-------- DATA EXCERPTS

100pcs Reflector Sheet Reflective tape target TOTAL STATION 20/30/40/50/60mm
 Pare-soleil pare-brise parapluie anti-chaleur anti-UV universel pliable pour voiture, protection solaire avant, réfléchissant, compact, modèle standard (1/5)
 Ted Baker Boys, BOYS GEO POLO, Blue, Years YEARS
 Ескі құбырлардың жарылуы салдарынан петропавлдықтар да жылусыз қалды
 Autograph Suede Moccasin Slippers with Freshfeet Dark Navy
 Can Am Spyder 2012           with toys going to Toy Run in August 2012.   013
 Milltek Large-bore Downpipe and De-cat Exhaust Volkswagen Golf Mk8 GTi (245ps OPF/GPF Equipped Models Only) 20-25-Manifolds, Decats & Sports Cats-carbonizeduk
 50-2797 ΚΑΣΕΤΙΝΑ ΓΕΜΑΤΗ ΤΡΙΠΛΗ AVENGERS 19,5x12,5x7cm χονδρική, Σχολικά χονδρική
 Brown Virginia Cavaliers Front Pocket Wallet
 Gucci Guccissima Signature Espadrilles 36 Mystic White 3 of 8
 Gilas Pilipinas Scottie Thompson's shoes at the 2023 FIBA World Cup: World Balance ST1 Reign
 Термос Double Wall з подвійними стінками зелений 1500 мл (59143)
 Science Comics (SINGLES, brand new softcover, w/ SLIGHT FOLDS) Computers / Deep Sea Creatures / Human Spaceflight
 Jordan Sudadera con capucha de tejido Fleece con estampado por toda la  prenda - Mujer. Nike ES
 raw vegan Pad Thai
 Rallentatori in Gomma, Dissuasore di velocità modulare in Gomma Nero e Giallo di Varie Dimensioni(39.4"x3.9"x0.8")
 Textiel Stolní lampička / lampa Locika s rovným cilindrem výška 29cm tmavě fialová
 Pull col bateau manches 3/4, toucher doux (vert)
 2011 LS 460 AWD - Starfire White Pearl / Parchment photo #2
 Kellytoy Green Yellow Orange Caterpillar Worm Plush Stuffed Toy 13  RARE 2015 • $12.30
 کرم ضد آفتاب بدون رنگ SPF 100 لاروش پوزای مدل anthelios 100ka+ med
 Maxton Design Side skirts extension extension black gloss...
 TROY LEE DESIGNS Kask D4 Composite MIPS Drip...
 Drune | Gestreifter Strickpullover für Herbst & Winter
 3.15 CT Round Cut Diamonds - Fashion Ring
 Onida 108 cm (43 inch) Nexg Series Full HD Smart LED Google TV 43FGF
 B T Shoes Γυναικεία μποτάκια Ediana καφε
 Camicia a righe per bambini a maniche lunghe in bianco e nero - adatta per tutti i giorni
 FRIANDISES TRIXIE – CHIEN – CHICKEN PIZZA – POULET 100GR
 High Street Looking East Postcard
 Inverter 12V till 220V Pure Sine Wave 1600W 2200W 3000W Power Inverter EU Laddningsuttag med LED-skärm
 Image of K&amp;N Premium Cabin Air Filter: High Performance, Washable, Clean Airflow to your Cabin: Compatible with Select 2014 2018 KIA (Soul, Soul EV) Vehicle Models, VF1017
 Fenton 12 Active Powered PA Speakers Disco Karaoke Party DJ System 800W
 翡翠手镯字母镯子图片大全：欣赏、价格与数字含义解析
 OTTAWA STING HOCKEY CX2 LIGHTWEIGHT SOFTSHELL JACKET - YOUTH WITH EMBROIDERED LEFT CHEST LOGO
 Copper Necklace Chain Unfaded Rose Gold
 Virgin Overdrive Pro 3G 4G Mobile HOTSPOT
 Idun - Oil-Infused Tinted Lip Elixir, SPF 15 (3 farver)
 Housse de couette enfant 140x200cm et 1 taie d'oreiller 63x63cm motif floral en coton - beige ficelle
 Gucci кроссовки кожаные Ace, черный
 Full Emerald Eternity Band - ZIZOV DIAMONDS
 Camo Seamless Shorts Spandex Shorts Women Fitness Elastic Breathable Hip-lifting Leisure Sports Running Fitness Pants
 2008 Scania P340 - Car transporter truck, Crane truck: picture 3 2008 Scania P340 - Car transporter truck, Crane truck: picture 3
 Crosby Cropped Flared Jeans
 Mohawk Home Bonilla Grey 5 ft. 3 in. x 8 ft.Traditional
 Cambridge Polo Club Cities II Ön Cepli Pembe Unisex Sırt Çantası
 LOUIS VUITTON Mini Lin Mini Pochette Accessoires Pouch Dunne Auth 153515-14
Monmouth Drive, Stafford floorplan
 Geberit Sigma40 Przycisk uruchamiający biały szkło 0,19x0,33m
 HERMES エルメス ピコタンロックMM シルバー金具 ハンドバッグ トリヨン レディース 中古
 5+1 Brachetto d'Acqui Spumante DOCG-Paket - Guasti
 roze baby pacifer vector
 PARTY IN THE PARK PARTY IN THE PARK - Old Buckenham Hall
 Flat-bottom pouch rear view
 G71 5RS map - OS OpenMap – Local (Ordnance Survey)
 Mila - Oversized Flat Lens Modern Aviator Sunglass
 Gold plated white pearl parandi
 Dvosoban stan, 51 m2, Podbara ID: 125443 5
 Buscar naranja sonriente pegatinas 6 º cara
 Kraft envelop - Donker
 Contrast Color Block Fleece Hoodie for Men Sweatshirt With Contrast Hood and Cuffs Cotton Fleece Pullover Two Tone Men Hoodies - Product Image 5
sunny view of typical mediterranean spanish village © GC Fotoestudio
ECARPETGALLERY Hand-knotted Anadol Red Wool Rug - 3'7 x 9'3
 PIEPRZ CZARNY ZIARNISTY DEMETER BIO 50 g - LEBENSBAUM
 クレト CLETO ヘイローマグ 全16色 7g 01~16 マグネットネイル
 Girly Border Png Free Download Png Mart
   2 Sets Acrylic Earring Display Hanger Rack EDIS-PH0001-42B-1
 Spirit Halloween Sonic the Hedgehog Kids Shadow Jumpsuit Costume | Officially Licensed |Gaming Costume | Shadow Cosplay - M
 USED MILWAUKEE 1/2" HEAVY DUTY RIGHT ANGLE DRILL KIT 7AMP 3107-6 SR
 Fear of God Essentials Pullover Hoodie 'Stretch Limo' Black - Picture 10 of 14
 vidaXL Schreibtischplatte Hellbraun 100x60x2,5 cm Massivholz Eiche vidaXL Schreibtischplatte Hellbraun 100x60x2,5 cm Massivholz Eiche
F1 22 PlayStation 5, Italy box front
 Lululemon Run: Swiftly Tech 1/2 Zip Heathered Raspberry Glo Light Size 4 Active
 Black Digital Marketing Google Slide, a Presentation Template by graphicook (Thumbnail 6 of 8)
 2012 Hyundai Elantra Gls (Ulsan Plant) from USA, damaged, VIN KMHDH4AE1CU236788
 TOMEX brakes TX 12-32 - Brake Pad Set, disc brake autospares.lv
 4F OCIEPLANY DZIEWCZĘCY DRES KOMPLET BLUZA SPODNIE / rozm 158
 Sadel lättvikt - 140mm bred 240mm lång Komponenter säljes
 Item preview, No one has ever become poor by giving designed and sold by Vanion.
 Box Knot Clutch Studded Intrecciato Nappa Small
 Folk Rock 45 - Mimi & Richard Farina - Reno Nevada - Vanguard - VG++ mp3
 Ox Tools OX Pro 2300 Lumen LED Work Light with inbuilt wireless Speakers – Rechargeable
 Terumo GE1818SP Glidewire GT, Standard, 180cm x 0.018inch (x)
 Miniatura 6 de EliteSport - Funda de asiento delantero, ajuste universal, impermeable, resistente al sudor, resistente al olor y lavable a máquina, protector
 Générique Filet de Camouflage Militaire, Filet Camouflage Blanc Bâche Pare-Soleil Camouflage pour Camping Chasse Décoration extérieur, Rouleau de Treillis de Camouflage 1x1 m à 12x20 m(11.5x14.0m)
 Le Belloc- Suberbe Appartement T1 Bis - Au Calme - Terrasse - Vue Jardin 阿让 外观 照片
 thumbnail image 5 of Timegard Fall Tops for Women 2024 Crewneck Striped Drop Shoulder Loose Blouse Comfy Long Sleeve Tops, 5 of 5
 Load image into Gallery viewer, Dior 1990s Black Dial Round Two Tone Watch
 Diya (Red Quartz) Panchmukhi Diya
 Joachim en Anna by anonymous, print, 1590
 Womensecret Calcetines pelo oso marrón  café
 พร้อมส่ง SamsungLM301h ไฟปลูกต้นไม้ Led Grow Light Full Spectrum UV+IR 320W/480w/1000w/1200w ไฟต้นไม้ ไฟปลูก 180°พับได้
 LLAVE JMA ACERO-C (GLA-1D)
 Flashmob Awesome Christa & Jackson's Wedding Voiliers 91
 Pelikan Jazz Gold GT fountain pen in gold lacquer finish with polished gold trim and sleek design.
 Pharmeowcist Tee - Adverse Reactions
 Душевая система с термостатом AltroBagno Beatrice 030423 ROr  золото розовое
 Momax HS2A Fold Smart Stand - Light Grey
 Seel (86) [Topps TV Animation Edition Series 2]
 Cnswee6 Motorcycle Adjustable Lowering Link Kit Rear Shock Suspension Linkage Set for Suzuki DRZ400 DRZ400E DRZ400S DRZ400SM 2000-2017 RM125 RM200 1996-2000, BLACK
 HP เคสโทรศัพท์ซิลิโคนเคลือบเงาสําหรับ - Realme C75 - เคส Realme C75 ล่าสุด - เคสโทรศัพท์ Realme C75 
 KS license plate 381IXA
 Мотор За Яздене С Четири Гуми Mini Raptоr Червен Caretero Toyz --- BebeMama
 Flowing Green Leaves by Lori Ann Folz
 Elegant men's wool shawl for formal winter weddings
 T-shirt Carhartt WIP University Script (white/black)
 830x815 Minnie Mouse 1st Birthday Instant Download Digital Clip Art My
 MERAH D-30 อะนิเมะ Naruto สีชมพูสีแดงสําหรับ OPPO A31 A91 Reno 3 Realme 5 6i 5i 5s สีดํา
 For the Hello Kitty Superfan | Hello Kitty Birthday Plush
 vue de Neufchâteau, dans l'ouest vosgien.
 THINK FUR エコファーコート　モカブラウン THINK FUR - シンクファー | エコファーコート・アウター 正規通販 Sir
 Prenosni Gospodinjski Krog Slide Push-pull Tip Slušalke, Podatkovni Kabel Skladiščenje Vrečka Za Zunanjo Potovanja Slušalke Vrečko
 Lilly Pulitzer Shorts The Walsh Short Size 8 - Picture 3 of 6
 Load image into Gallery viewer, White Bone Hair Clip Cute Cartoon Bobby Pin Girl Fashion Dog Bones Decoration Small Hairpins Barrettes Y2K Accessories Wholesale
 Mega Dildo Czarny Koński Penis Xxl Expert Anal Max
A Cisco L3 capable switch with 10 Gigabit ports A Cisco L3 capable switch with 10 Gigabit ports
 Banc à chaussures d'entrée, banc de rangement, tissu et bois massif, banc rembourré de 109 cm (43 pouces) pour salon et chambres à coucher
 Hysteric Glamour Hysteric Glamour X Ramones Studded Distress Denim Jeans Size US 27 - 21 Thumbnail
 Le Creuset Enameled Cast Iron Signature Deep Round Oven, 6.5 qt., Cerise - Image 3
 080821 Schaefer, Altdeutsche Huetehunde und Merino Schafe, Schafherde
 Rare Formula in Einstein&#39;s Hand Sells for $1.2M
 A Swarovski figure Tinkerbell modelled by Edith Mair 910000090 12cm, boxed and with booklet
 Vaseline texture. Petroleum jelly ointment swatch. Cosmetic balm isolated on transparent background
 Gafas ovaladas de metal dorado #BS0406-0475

----------------

** TASK TO COMPLETE **
What lines above mention "Flat"? Copy each one.

** WRITTEN RESPONSE **
 Flat-bottom pouch rear view
 Mila - Oversized Flat Lens Modern Aviator Sunglass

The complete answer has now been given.